◆ WHAT TO PRODUCE
All of the data below is to be copied exactly.

◆ DATA EXCERPTS
#####

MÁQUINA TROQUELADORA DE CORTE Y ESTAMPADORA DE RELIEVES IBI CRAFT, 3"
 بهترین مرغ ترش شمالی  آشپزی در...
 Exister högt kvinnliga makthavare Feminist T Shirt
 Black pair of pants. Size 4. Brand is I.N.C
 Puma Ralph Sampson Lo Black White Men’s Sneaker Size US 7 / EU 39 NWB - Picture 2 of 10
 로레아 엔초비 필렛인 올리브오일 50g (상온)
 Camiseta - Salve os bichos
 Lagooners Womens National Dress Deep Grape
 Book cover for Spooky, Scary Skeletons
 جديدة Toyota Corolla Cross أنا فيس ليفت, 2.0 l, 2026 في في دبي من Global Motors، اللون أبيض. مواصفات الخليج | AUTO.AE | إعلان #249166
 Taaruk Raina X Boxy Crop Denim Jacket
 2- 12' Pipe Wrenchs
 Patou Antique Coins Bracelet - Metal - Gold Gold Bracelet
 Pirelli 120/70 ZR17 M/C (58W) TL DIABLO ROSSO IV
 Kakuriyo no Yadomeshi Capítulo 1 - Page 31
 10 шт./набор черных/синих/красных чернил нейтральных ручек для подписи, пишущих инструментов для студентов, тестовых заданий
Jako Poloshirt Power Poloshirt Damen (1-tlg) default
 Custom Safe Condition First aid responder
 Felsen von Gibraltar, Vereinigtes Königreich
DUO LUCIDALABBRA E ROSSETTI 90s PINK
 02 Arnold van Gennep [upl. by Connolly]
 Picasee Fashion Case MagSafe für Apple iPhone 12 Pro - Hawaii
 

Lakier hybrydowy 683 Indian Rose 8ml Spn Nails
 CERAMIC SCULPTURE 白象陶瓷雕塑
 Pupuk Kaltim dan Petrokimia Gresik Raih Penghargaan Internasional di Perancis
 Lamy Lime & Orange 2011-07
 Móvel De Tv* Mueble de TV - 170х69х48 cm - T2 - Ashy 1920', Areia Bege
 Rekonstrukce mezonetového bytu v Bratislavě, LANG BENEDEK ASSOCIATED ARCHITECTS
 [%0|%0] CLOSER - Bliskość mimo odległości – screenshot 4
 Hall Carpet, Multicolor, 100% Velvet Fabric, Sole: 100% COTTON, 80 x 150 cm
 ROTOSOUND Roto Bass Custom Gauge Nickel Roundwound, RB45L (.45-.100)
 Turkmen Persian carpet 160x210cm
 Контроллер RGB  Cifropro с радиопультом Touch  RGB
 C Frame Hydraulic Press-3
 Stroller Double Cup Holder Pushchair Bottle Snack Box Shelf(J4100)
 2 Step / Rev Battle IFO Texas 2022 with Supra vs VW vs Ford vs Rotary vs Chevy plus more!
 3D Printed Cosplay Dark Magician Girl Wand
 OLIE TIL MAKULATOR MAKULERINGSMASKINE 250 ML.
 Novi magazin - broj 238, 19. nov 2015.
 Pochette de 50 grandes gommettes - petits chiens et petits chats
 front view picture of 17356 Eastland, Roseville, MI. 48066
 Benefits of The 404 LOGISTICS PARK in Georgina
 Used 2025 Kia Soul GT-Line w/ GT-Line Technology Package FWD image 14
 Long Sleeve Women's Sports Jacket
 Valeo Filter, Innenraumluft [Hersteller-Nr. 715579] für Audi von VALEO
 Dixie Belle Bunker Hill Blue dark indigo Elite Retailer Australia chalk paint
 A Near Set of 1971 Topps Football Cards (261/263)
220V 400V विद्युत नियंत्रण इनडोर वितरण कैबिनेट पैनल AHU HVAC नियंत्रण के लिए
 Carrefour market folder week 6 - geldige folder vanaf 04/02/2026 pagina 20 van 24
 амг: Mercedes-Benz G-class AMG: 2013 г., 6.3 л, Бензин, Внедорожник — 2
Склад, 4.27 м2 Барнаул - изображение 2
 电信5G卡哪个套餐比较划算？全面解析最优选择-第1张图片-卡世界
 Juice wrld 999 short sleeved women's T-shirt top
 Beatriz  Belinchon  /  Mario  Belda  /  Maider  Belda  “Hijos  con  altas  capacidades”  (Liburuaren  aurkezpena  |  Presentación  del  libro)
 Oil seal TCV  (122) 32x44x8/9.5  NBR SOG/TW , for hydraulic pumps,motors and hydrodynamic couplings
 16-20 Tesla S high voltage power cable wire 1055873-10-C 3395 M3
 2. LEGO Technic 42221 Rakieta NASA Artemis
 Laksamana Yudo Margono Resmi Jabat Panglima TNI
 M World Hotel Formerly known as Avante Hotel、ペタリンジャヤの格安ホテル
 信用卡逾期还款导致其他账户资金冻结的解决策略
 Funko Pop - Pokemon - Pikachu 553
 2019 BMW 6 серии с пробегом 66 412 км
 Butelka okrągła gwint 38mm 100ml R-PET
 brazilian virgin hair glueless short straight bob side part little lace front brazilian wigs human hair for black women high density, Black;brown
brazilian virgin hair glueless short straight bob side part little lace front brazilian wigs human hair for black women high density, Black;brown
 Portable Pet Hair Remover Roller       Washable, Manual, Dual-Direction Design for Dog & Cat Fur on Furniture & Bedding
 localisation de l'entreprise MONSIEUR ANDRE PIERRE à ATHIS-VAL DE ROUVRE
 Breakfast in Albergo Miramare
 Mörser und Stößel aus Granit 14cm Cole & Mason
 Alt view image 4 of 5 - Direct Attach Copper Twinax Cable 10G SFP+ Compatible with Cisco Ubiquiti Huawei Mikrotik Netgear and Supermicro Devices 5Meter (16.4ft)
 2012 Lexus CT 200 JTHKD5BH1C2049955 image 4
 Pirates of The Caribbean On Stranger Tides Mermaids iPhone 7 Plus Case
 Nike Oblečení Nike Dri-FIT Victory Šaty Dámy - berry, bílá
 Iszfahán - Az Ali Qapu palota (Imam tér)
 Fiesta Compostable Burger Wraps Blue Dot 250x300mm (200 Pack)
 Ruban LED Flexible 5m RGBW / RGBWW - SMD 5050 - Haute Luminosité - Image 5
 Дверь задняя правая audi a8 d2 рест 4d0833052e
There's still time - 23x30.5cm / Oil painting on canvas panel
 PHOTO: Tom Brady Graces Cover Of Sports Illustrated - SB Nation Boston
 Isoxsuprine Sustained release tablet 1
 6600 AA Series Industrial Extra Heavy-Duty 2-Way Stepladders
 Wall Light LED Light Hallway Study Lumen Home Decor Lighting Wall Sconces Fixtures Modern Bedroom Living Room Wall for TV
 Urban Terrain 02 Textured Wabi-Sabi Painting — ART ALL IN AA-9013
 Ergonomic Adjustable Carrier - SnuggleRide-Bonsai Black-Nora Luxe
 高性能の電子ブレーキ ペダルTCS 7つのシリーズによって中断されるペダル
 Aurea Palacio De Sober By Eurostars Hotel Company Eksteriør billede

#####

◆ SOLUTION TO THE EXERCISE
MÁQUINA TROQUELADORA DE CORTE Y ESTAMPADORA DE RELIEVES IBI CRAFT, 3"
 بهترین مرغ ترش شمالی  آشپزی در...
 Exister högt kvinnliga makthavare Feminist T Shirt
 Black pair of pants. Size 4. Brand is I.N.C
 Puma Ralph Sampson Lo Black White Men’s Sneaker Size US 7 / EU 39 NWB - Picture 2 of 10
 로레아 엔초비 필렛인 올리브오일 50g (상온)
 Camiseta - Salve os bichos
 Lagooners Womens National Dress Deep Grape
 Book cover for Spooky, Scary Skeletons
 جديدة Toyota Corolla Cross أنا فيس ليفت, 2.0 l, 2026 في في دبي من Global Motors، اللون أبيض. مواصفات الخليج | AUTO.AE | إعلان #249166
 Taaruk Raina X Boxy Crop Denim Jacket
 2- 12' Pipe Wrenchs
 Patou Antique Coins Bracelet - Metal - Gold Gold Bracelet
 Pirelli 120/70 ZR17 M/C (58W) TL DIABLO ROSSO IV
 Kakuriyo no Yadomeshi Capítulo 1 - Page 31
 10 шт./набор черных/синих/красных чернил нейтральных ручек для подписи, пишущих инструментов для студентов, тестовых заданий
Jako Poloshirt Power Poloshirt Damen (1-tlg) default
 Custom Safe Condition First aid responder
 Felsen von Gibraltar, Vereinigtes Königreich
DUO LUCIDALABBRA E ROSSETTI 90s PINK
 02 Arnold van Gennep [upl. by Connolly]
 Picasee Fashion Case MagSafe für Apple iPhone 12 Pro - Hawaii
 

Lakier hybrydowy 683 Indian Rose 8ml Spn Nails
 CERAMIC SCULPTURE 白象陶瓷雕塑
 Pupuk Kaltim dan Petrokimia Gresik Raih Penghargaan Internasional di Perancis
 Lamy Lime & Orange 2011-07
 Móvel De Tv* Mueble de TV - 170х69х48 cm - T2 - Ashy 1920', Areia Bege
 Rekonstrukce mezonetového bytu v Bratislavě, LANG BENEDEK ASSOCIATED ARCHITECTS
 [%0|%0] CLOSER - Bliskość mimo odległości – screenshot 4
 Hall Carpet, Multicolor, 100% Velvet Fabric, Sole: 100% COTTON, 80 x 150 cm
 ROTOSOUND Roto Bass Custom Gauge Nickel Roundwound, RB45L (.45-.100)
 Turkmen Persian carpet 160x210cm
 Контроллер RGB  Cifropro с радиопультом Touch  RGB
 C Frame Hydraulic Press-3
 Stroller Double Cup Holder Pushchair Bottle Snack Box Shelf(J4100)
 2 Step / Rev Battle IFO Texas 2022 with Supra vs VW vs Ford vs Rotary vs Chevy plus more!
 3D Printed Cosplay Dark Magician Girl Wand
 OLIE TIL MAKULATOR MAKULERINGSMASKINE 250 ML.
 Novi magazin - broj 238, 19. nov 2015.
 Pochette de 50 grandes gommettes - petits chiens et petits chats
 front view picture of 17356 Eastland, Roseville, MI. 48066
 Benefits of The 404 LOGISTICS PARK in Georgina
 Used 2025 Kia Soul GT-Line w/ GT-Line Technology Package FWD image 14
 Long Sleeve Women's Sports Jacket
 Valeo Filter, Innenraumluft [Hersteller-Nr. 715579] für Audi von VALEO
 Dixie Belle Bunker Hill Blue dark indigo Elite Retailer Australia chalk paint
 A Near Set of 1971 Topps Football Cards (261/263)
220V 400V विद्युत नियंत्रण इनडोर वितरण कैबिनेट पैनल AHU HVAC नियंत्रण के लिए
 Carrefour market folder week 6 - geldige folder vanaf 04/02/2026 pagina 20 van 24
 амг: Mercedes-Benz G-class AMG: 2013 г., 6.3 л, Бензин, Внедорожник — 2
Склад, 4.27 м2 Барнаул - изображение 2
 电信5G卡哪个套餐比较划算？全面解析最优选择-第1张图片-卡世界
 Juice wrld 999 short sleeved women's T-shirt top
 Beatriz  Belinchon  /  Mario  Belda  /  Maider  Belda  “Hijos  con  altas  capacidades”  (Liburuaren  aurkezpena  |  Presentación  del  libro)
 Oil seal TCV  (122) 32x44x8/9.5  NBR SOG/TW , for hydraulic pumps,motors and hydrodynamic couplings
 16-20 Tesla S high voltage power cable wire 1055873-10-C 3395 M3
 2. LEGO Technic 42221 Rakieta NASA Artemis
 Laksamana Yudo Margono Resmi Jabat Panglima TNI
 M World Hotel Formerly known as Avante Hotel、ペタリンジャヤの格安ホテル
 信用卡逾期还款导致其他账户资金冻结的解决策略
 Funko Pop - Pokemon - Pikachu 553
 2019 BMW 6 серии с пробегом 66 412 км
 Butelka okrągła gwint 38mm 100ml R-PET
 brazilian virgin hair glueless short straight bob side part little lace front brazilian wigs human hair for black women high density, Black;brown
brazilian virgin hair glueless short straight bob side part little lace front brazilian wigs human hair for black women high density, Black;brown
 Portable Pet Hair Remover Roller       Washable, Manual, Dual-Direction Design for Dog & Cat Fur on Furniture & Bedding
 localisation de l'entreprise MONSIEUR ANDRE PIERRE à ATHIS-VAL DE ROUVRE
 Breakfast in Albergo Miramare
 Mörser und Stößel aus Granit 14cm Cole & Mason
 Alt view image 4 of 5 - Direct Attach Copper Twinax Cable 10G SFP+ Compatible with Cisco Ubiquiti Huawei Mikrotik Netgear and Supermicro Devices 5Meter (16.4ft)
 2012 Lexus CT 200 JTHKD5BH1C2049955 image 4
 Pirates of The Caribbean On Stranger Tides Mermaids iPhone 7 Plus Case
 Nike Oblečení Nike Dri-FIT Victory Šaty Dámy - berry, bílá
 Iszfahán - Az Ali Qapu palota (Imam tér)
 Fiesta Compostable Burger Wraps Blue Dot 250x300mm (200 Pack)
 Ruban LED Flexible 5m RGBW / RGBWW - SMD 5050 - Haute Luminosité - Image 5
 Дверь задняя правая audi a8 d2 рест 4d0833052e
There's still time - 23x30.5cm / Oil painting on canvas panel
 PHOTO: Tom Brady Graces Cover Of Sports Illustrated - SB Nation Boston
 Isoxsuprine Sustained release tablet 1
 6600 AA Series Industrial Extra Heavy-Duty 2-Way Stepladders
 Wall Light LED Light Hallway Study Lumen Home Decor Lighting Wall Sconces Fixtures Modern Bedroom Living Room Wall for TV
 Urban Terrain 02 Textured Wabi-Sabi Painting — ART ALL IN AA-9013
 Ergonomic Adjustable Carrier - SnuggleRide-Bonsai Black-Nora Luxe
 高性能の電子ブレーキ ペダルTCS 7つのシリーズによって中断されるペダル
 Aurea Palacio De Sober By Eurostars Hotel Company Eksteriør billede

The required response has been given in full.